Figure 2: The EmbodiedSplat Pipeline illustrating integration and deployment processes.

Experimental Design

The effectiveness of EmbodiedSplat is validated through a series of experiments split into zero-shot evaluations, fine-tuning scenarios, and real-world applications.

Zero-shot and Fine-tuning

Initial zero-shot testing reveals that pre-trained models on large-scale datasets (HM3D, HSSD) display varying success rates when directly transferred to new environments. Notably, fine-tuning significantly enhances performance, particularly in complex and large-scale scenes divergent from typical training datasets.

(Figure 3) (Figure 4)

Figures 4 & 5: Zero-shot validation success rates for different pretrained policies.

Real-world Transfer

The paper includes real-world validation where fine-tuned policies are deployed using a Stretch robot in a real scene. Fine-tuning not only improves success rates over zero-shot baselines but also resonates with improved performance in practice, as depicted by their real-world evaluation.

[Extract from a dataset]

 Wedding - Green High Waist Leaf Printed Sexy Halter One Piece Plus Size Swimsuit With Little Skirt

Figure 5: Real-world success rates demonstrating improvement post-fine-tuning on respective meshes.

Discussion and Future Work

EmbodiedSplat's contributions highlight a significant reduction in the cost and complexity associated with gathering effective training environments for navigation policies. The methodology provides an efficient solution for personalized and scenario-specific sim-to-real transfers, possibly extending to various robotics domains such as manipulation and mobile assistance.

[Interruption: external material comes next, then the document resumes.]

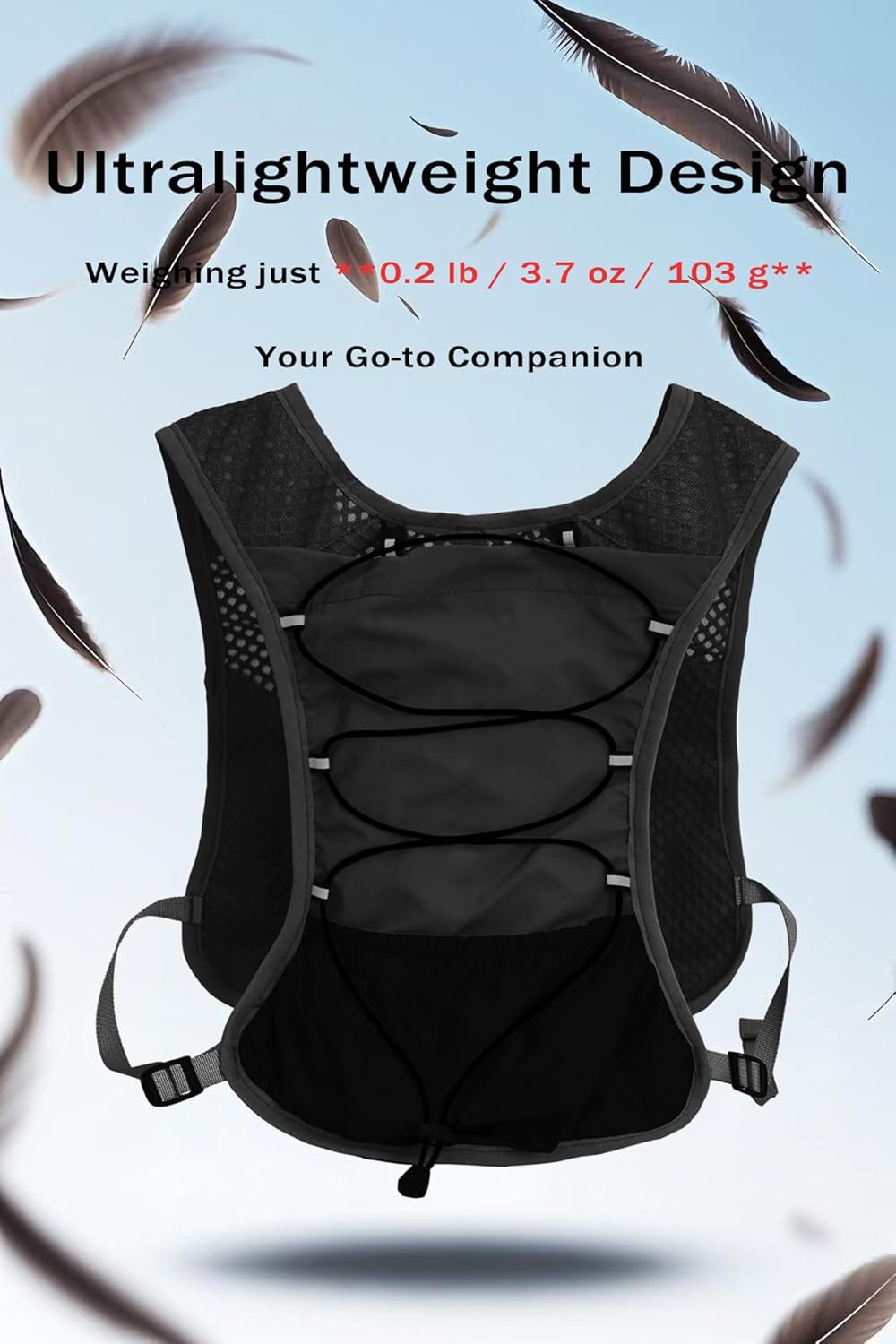 Marathon hydration vest, ultra-light, 2L bladder, performance-focused for runners.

Future research directions could explore integrating Gaussian Splatting visual data directly into policy architectures or testing similar methodologies in broader embodied tasks including object manipulation and complex room interaction. This scalability from small rooms to extensive building environments marks a notable potential advancement for minor and large-scale embodied AI systems.

Conclusion

EmbodiedSplat represents a promising stride in personalized navigation policy training using low-cost yet high-quality mesh reconstructions from consumer devices. By aligning simulation and real-world performance more closely, it addresses traditional limitations in embodied AI, paving the way for diverse applications across robotic systems and tasks.